◆ Records ◆
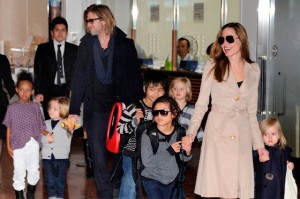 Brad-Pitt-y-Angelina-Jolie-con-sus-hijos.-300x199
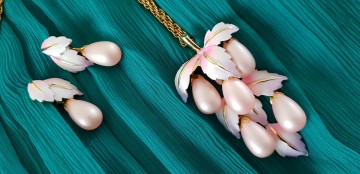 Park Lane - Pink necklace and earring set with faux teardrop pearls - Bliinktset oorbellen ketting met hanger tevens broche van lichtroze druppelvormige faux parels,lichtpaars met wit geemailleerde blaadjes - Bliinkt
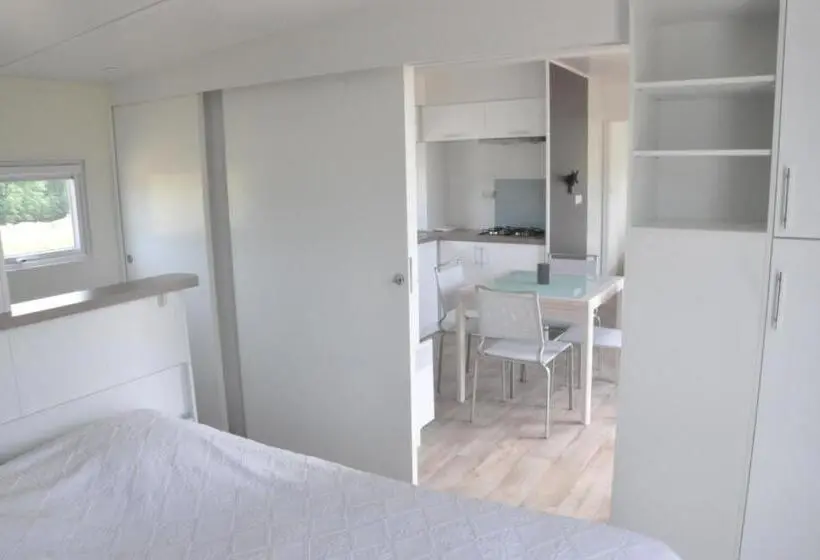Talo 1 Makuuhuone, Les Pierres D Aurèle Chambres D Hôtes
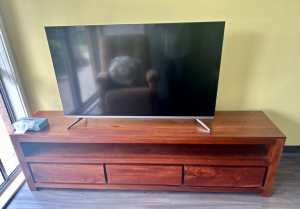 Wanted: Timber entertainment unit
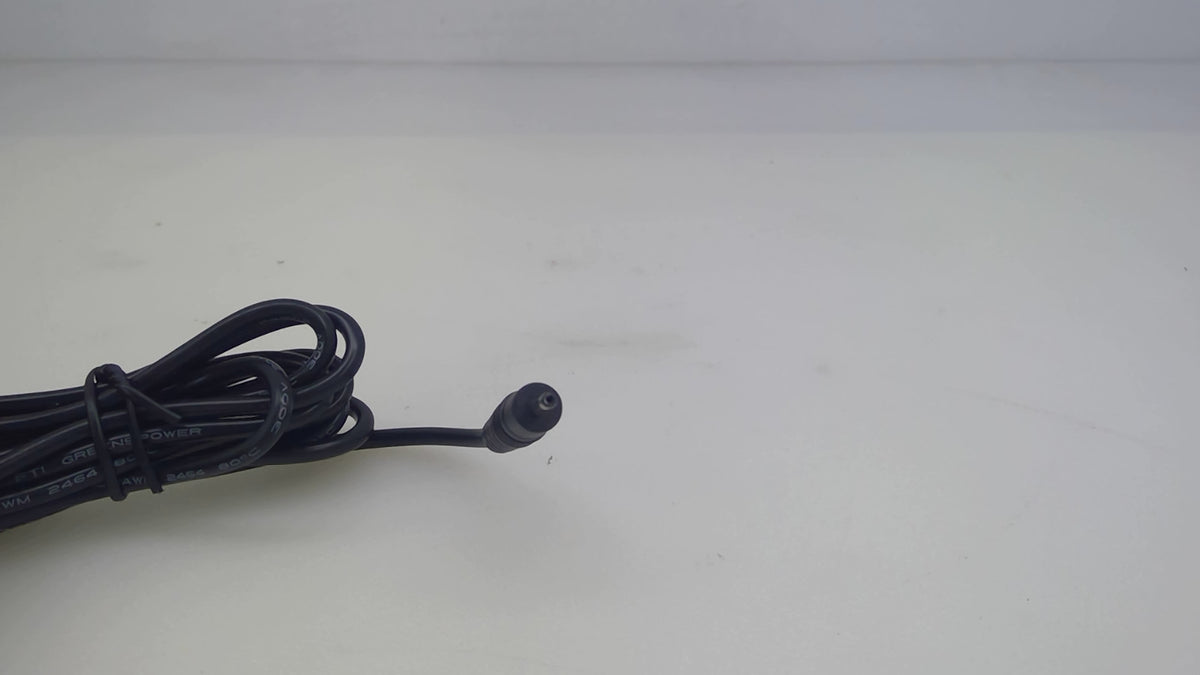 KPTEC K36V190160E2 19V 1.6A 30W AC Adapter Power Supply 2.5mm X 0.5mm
==
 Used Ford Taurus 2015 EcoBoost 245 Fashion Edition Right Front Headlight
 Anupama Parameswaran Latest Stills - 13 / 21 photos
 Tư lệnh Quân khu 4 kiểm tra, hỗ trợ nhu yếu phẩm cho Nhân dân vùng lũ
--
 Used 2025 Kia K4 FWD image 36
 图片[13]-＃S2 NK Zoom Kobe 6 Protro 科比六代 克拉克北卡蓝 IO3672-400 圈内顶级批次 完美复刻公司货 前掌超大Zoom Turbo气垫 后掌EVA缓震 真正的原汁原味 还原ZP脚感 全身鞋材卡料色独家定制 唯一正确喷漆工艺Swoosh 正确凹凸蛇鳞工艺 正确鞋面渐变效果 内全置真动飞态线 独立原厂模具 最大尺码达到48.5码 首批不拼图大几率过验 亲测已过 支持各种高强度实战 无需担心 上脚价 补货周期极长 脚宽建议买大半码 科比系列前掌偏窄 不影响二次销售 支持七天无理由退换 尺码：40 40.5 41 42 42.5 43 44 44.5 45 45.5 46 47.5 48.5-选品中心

◆ To do ◆
Beginning with the line holding "Used 2025 Kia K4 FWD image 36" and ending with the line holding "图片[13]-＃S2 NK Zoom", write out the stretch of material above exactly; add no further lines.

◆ Worked solution ◆
 Used 2025 Kia K4 FWD image 36
 图片[13]-＃S2 NK Zoom Kobe 6 Protro 科比六代 克拉克北卡蓝 IO3672-400 圈内顶级批次 完美复刻公司货 前掌超大Zoom Turbo气垫 后掌EVA缓震 真正的原汁原味 还原ZP脚感 全身鞋材卡料色独家定制 唯一正确喷漆工艺Swoosh 正确凹凸蛇鳞工艺 正确鞋面渐变效果 内全置真动飞态线 独立原厂模具 最大尺码达到48.5码 首批不拼图大几率过验 亲测已过 支持各种高强度实战 无需担心 上脚价 补货周期极长 脚宽建议买大半码 科比系列前掌偏窄 不影响二次销售 支持七天无理由退换 尺码：40 40.5 41 42 42.5 43 44 44.5 45 45.5 46 47.5 48.5-选品中心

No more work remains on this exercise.